As the user of a mobile device moves from room to room in a home or office the degree to which an access point's signal is attenuated (reduced) varies from room to room. The amount of signal power being sent in any particular direction by an access point's typical omnidirectional "rubber duck" style antenna doesn't change. The result is that the user encounters areas of reduced signal strength, reduced throughput, and "dead spots" where they lose connectivity.

The Ruckus Wireless antenna system is different. By incorporate multiple internal antenna elements in an antenna array the circuitry in a Ruckus access point is able to dynamically focus the antennas strongest beam. It's a technology called beamsteering and it avoids costly and unsightly external antennas. It's like a directional antenna that tracks the movements of the mobile devices, always pointing in the right direction. This tracking occurs on a packet-by-packet basis and stabilizes the wireless network's performance.

BeamFlex technology focuses up to 7 dB of directional gain into an effective 360-degree horizontal and 360-degree vertical beamwidth. A conventional 7 dB antenna that could be attached to another manufacturer's access point would limit the vertical beamwidth to less than 20 degrees (hence, you can't simply add a big antenna to another manufacturer's access point to emulate the behavior and performance a a BeamFlex radio).

A stable, directional connection helps reduce weak coverage areas, dead spots, and poor performance. This provides picture-perfect video streaming and crystal-clear audio and voice communications in addition to maintaining the highest possible throughput to each individual client.

Essential Wi-Fi

Signal to Noise Ratio
"Signal to noise ratio," or SNR, is commonly defined by 802.11 administrators as "the ratio of the power of the data signal to the power of the ambient RF energy," where "ambient RF energy" refers essentially to any RF emitter that is not an 802.11 transmitter. Although this definition could be correct under some interpretations of the term, "signal to noise ratio," it's important for an 802.11 administrator to realize that slightly different interpretations of that term are used in other areas, and confusion may arise if it's not clear exactly what kind of “signal to noise” is being discussed.

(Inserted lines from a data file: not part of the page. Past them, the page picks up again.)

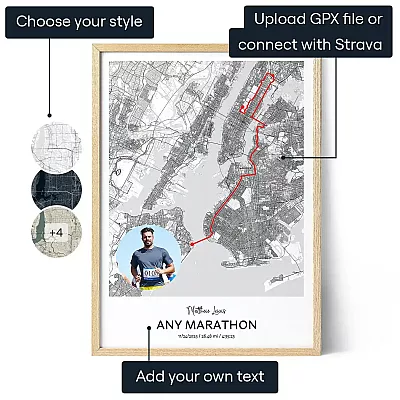 Custom Marathon Map Print — personalized art print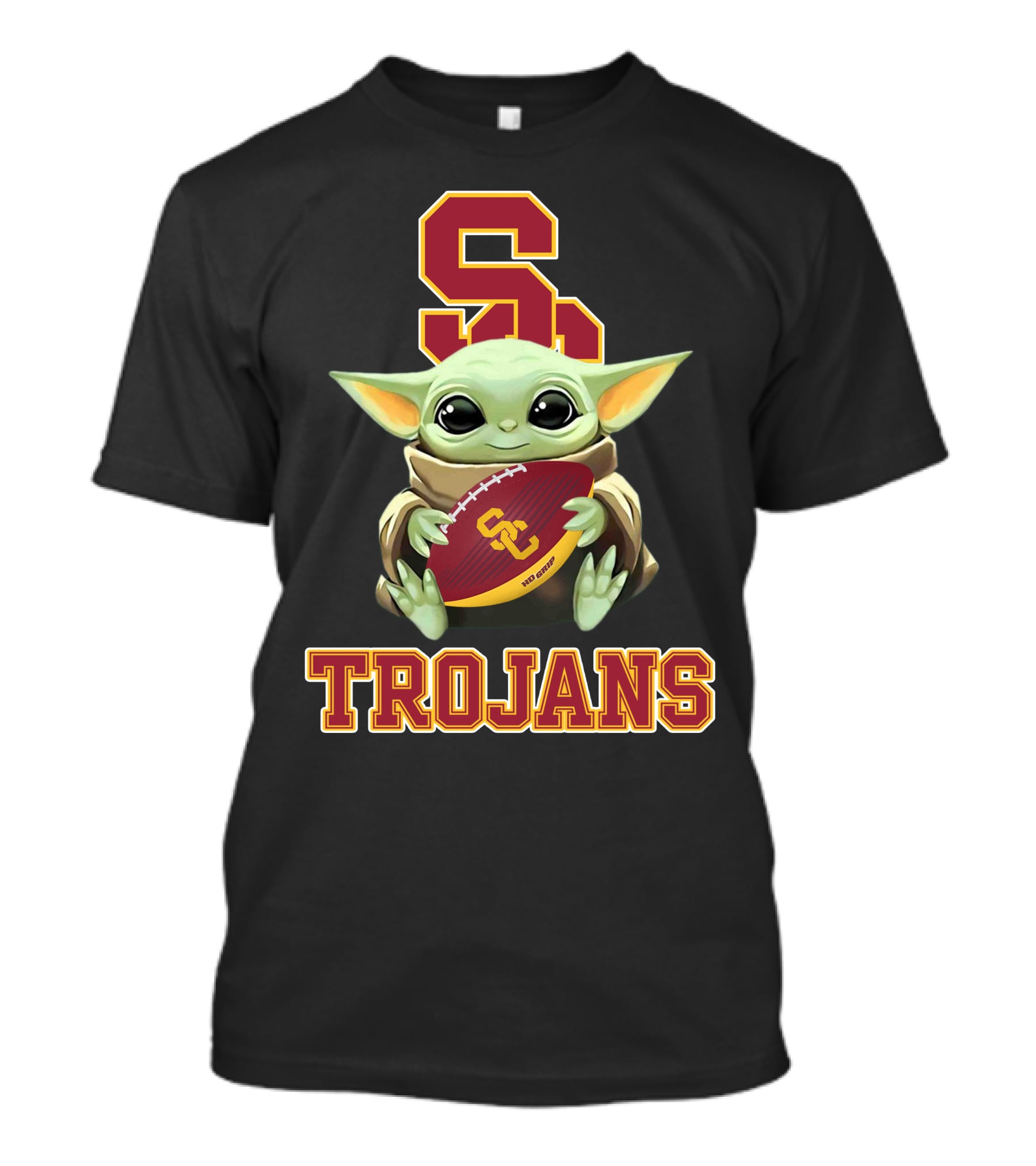 Usc Trojans Baby Yoda Holding Football T-Shirt
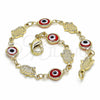 Oro Laminado Fancy Bracelet, Gold Filled Style Evil Eye and Hand of God Design, Red Resin Finish, Golden Finish, 03.326.0007.06 (07 MM Thickness, 6 Inches Length)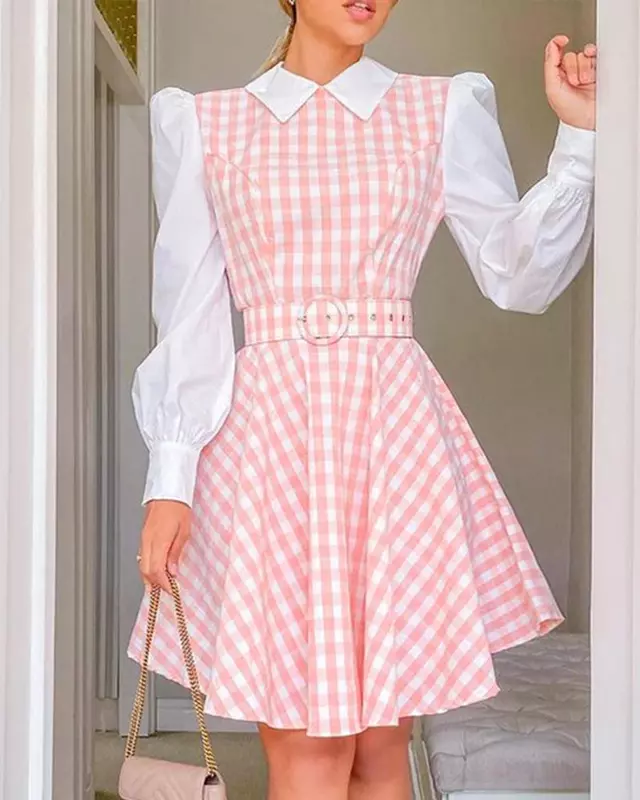 Ladies Hot Selling New Pink Plaid Fashion Long Sleeve Lapel Print Daily Elegant Young with Belt Dress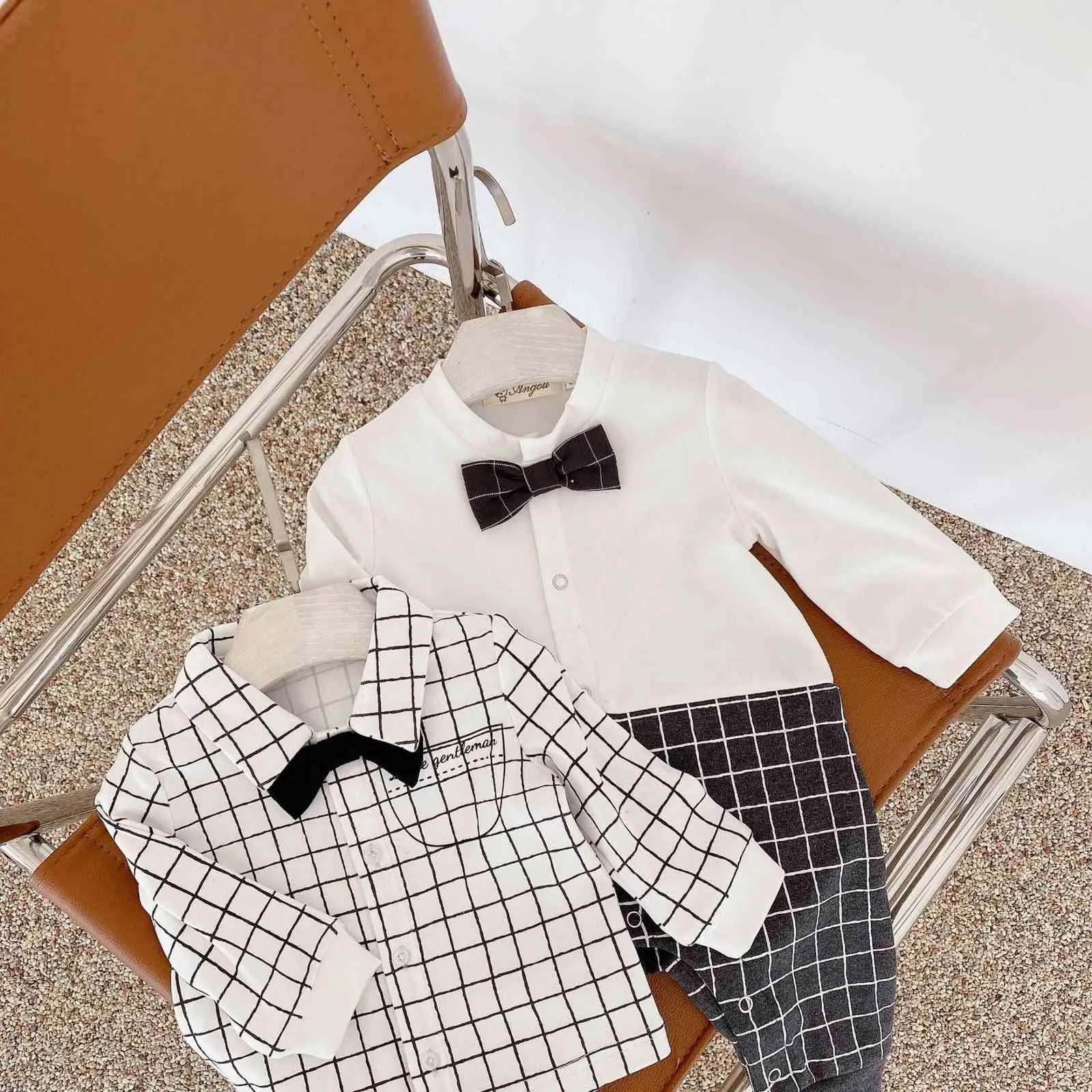 Printemps bébé garçon barboteuse belle chemise à carreaux tenue de gentleman 210702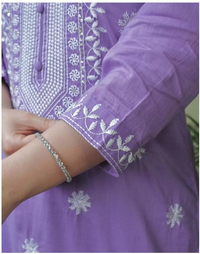 Thumbnail for Malishka Women's Viscose Floral Embroidered Straight Kurta Pant With Dupatta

In general, "signal to noise ratio" refers to the power level of an incoming signal relative to some type of background noise. The definition of "noise" can vary, depending on the field in which "noise" is being measured. For example, audio engineering refers to the SNR of an analog recording medium­that is, the strength of the loudest undistorted signal the medium can carry relative to the background "hiss" that would be heard if a blank medium were played back. Audio amplifiers also have an SNR rating, which essentially measures the level of "hiss" that would be heard if the amplifier were turned up all the way without a signal being fed through it (you can try this at home with your stereo if you want). Although we have used audio examples, since everyone has some experience with them, the same "hiss" exists in any analog circuit, including the RF receiver in your 802.11 card. The point here is that, because the definition of “noise” can vary, so does the definition of SNR. In each case, the "signal" is the power level of the incoming signal, but the “noise” changes depending on your perspective.

From the perspective of an RF chipset engineer or an electrical engineer, "signal to noise" ratio probably refers to the strength of the incoming signal relative to the "noise" within the RF chipset itself. Electronic circuits are subject to a type of noise known as Boltzmann noise, which is caused by thermal effects. Essentially, the heat within the chipset causes a certain amount of electrical distortion that manifests itself as noise. Electrical circuits are also subject to induced noise from outside sources­for example, it's common to find noise in the 60 Hz range (the frequency of AC current in the U.S). Notice that this definition of "noise" and "signal to noise ratio" is completely different from the 802.11 administrator's definition mentioned previously. This definition focuses on the strength of the signal and noise within the electrical circuit itself, as opposed to in the air.  Measurement of SNR, then, depends on the definition of the “noise floor,” which is the level of “noise” in the environment being measured.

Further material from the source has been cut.